The prophet Calchas tells Agamemnon to send her back, but he is not happy. Achilles tells him off for being such a fool. This angers Agamemnon more. He decides that he will send Chryseis back in return for Achilles’ own sex object Briseis.

Achilles, in his anger, prepares to attack Agamemnon, but Athena talks him out of it. Instead, Achilles pleads to his mother, who pleads with Zeus to punish the Greeks.

Zeus, much to the anger of his wife, arranges for the Greeks to make an advance towards Troy which proved very costly for them.

Personal Response

All of the classic stories seem to involve politics between rulers and/or the gods, which happen to have a little fighting or adventure thrown in for good measure.

Homer seems to write a lot of fluff about some topics, meaning he actually covers very little. His style is to write with a lot of adjectives and clauses about certain events or speeches. Thus, Homer writes many pages with something which he could cover in one using modern writing styles. However, he does this at the expense of telling about more adventures or providing blow-by-blow accounts of battles.

This tale might be a reflection of the Greek’s problems with bad rulers. Agamemnon ignores the gods, all his men, his fellow kings, just to keep a girl. He takes the largest spoils and steal’s his solders mistresses. He is pompous and arrogant, and doesn’t care about anyone. I wonder who this could represent in real life.
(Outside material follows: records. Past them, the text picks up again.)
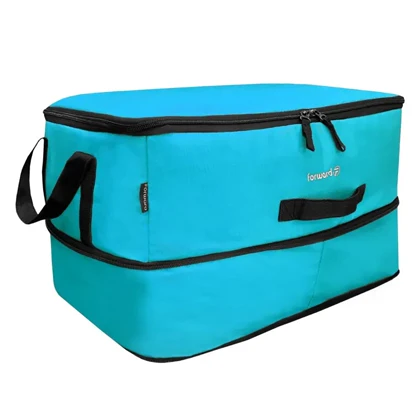 نظم دهنده سفری و کمد فوروارد مدل FORWARD - FCLT4411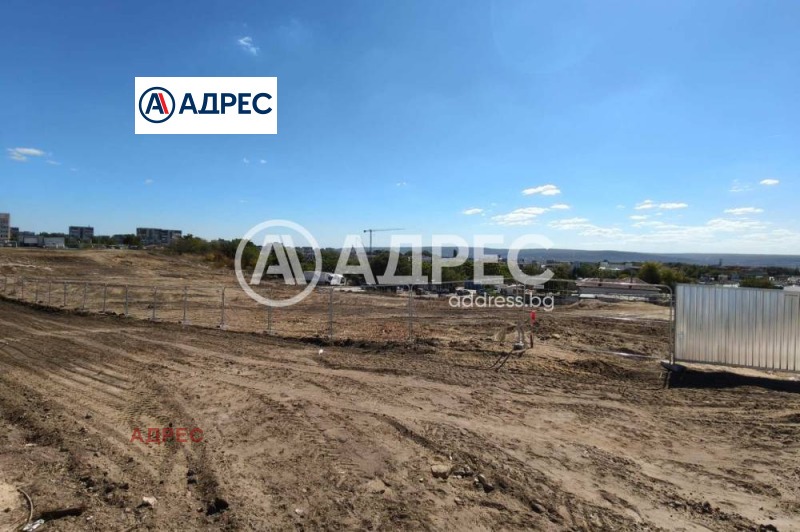 Продава МАГАЗИН, гр. Варна, Кайсиева градина, снимка 4 - Магазини - 53559212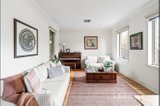 https://images.listonce.com.au/custom/160x/listings/47-laurie-street-newport-vic-3015/064/01977064_img_05.jpg?xmZ34qhdEMc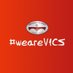 Brechin Victoria JFC (@brechinvics) Twitter profile photo Brechin Victoria JFC (@brechinvics) Twitter profile photo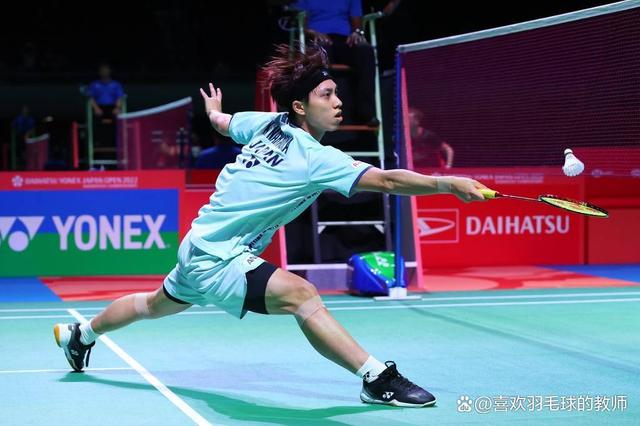 刻完成报名 刻完成报名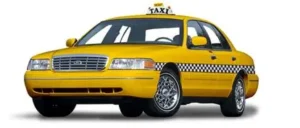 deoghar taxi 
cab deoghar 
car rental in deoghar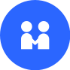 Partnership Application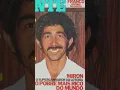 Download Lagu Isso que aconteceu com o maior ganhador da mega sena do brasil #historia #curiosidades #fatos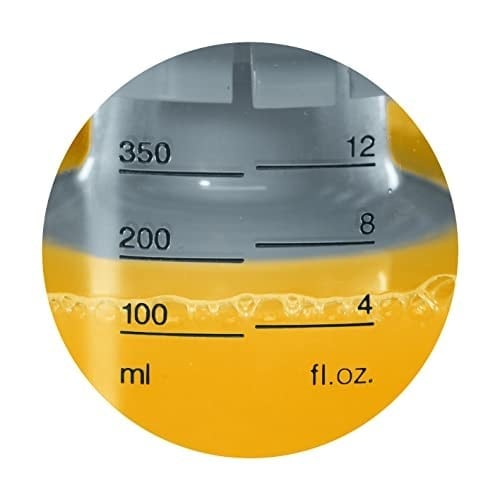 Braun MultiQuick 3 Narenciye Sıkacağı MPZ 9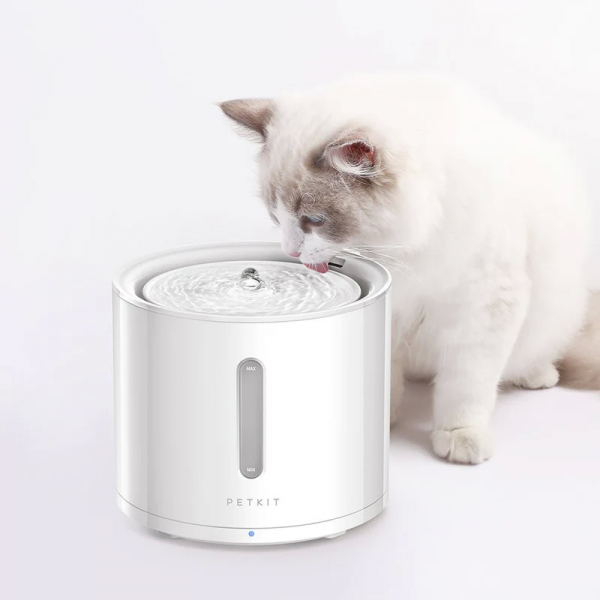 PETKIT EverSweet Solo 2 Smart Water Fountain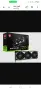 Видеокарта MSI - GeForce RTX 4070 Ti VENTUS 3X E1 OC, 12GB, GDDR6X , снимка 5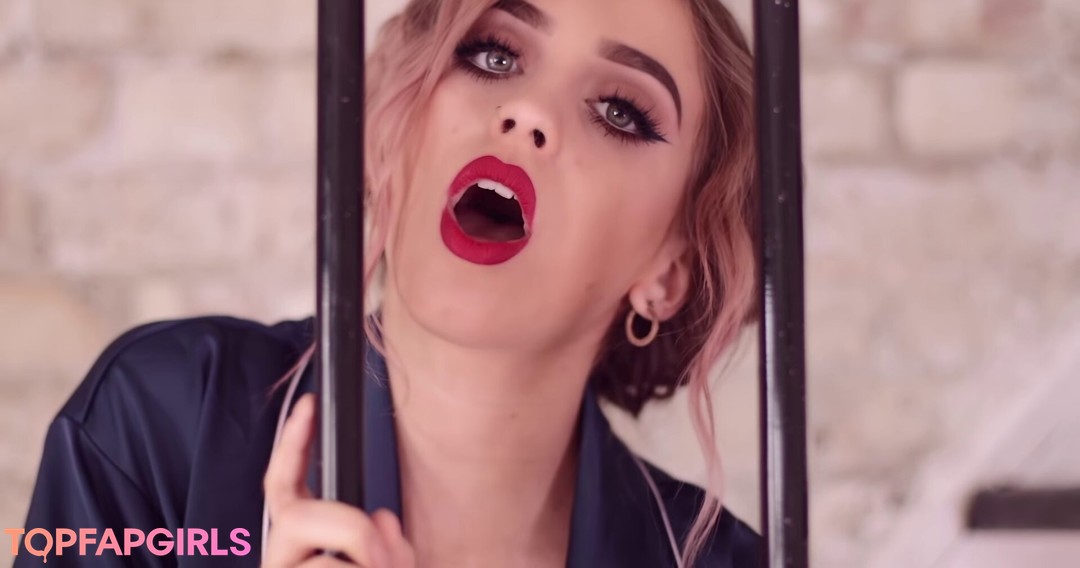 Foto di nudo di fuga di OnlyFans di Musicalethan #24 Foto di nudo di fuga di OnlyFans di Musicalethan #24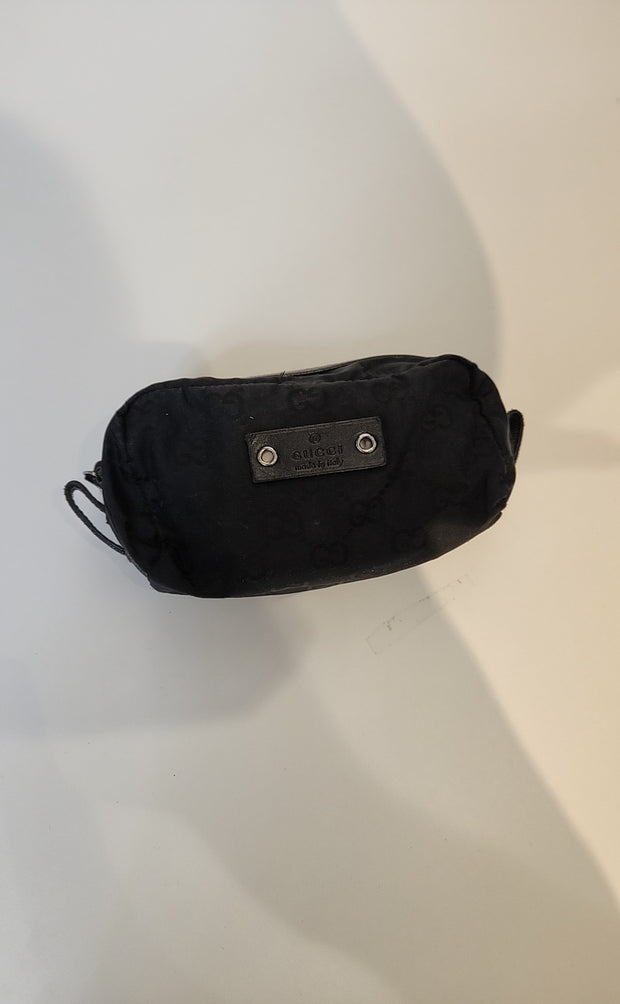 Gucci Wallets (Pre-owned)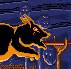 Pig Feast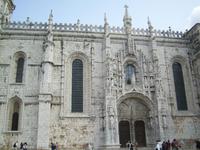Lissabon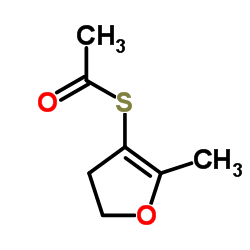 26486-14-6 structure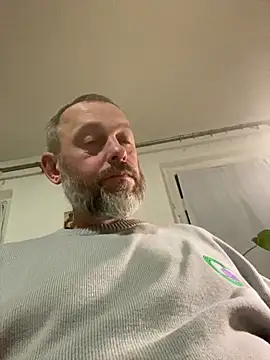 Frosl Live XXX Chat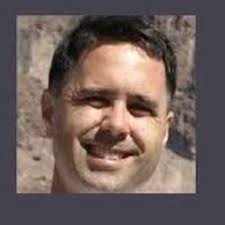 Eastern Communications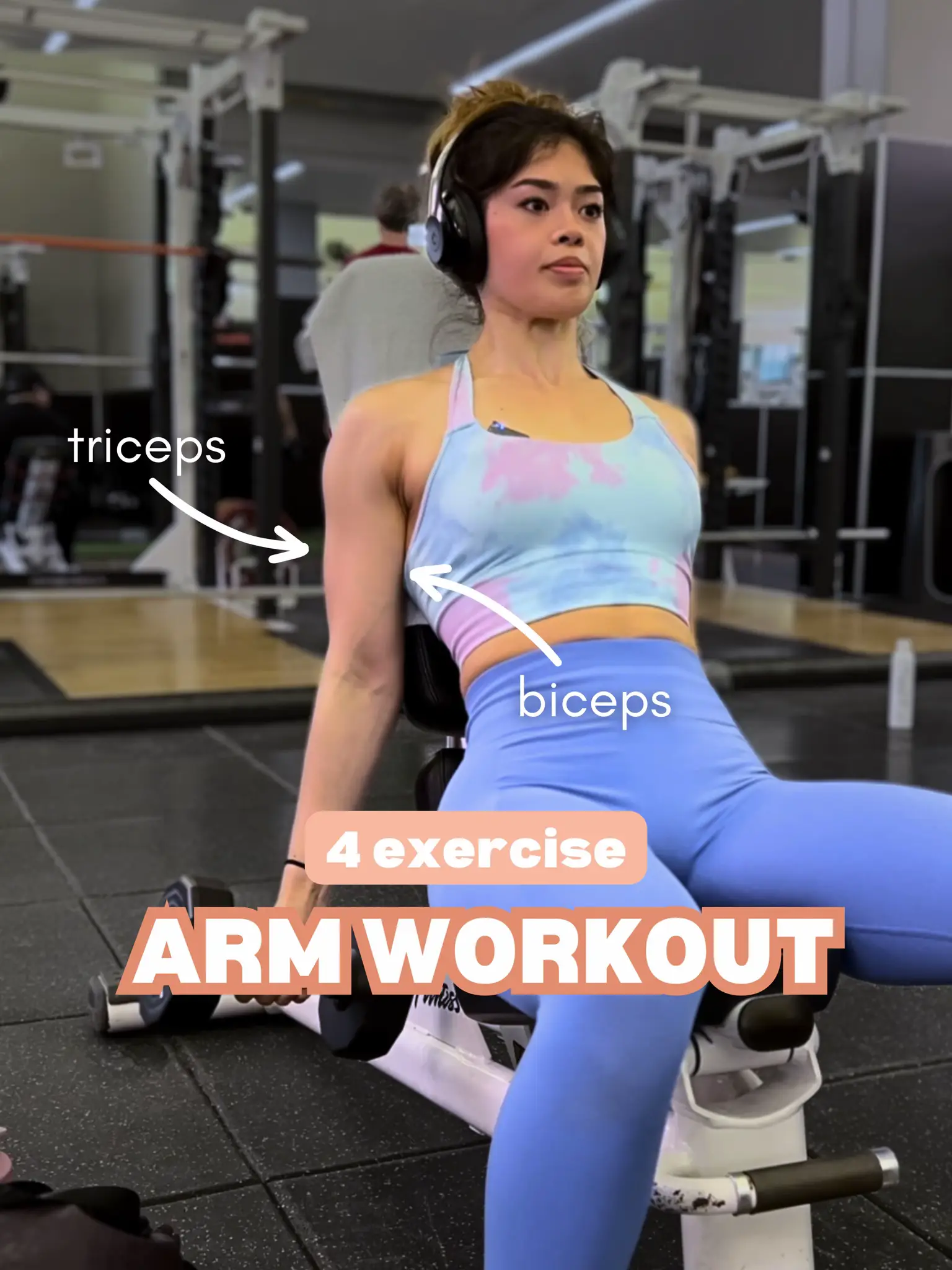 20 top Arm Workouts ideas in 2024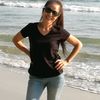 user8816508486012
Why does Agamemnon need to have Briseis? Wouldn’t any other teen girl work as well? Was he trying to punish or show his dominance over Achilles?

Overall, I think Achilles and Agamemnon were too attached to their women, and were willing to sacrifice anybody/anything for it. Don’t forget that the whole war was caused over Helen. Isn’t there more then enough beauty to go around?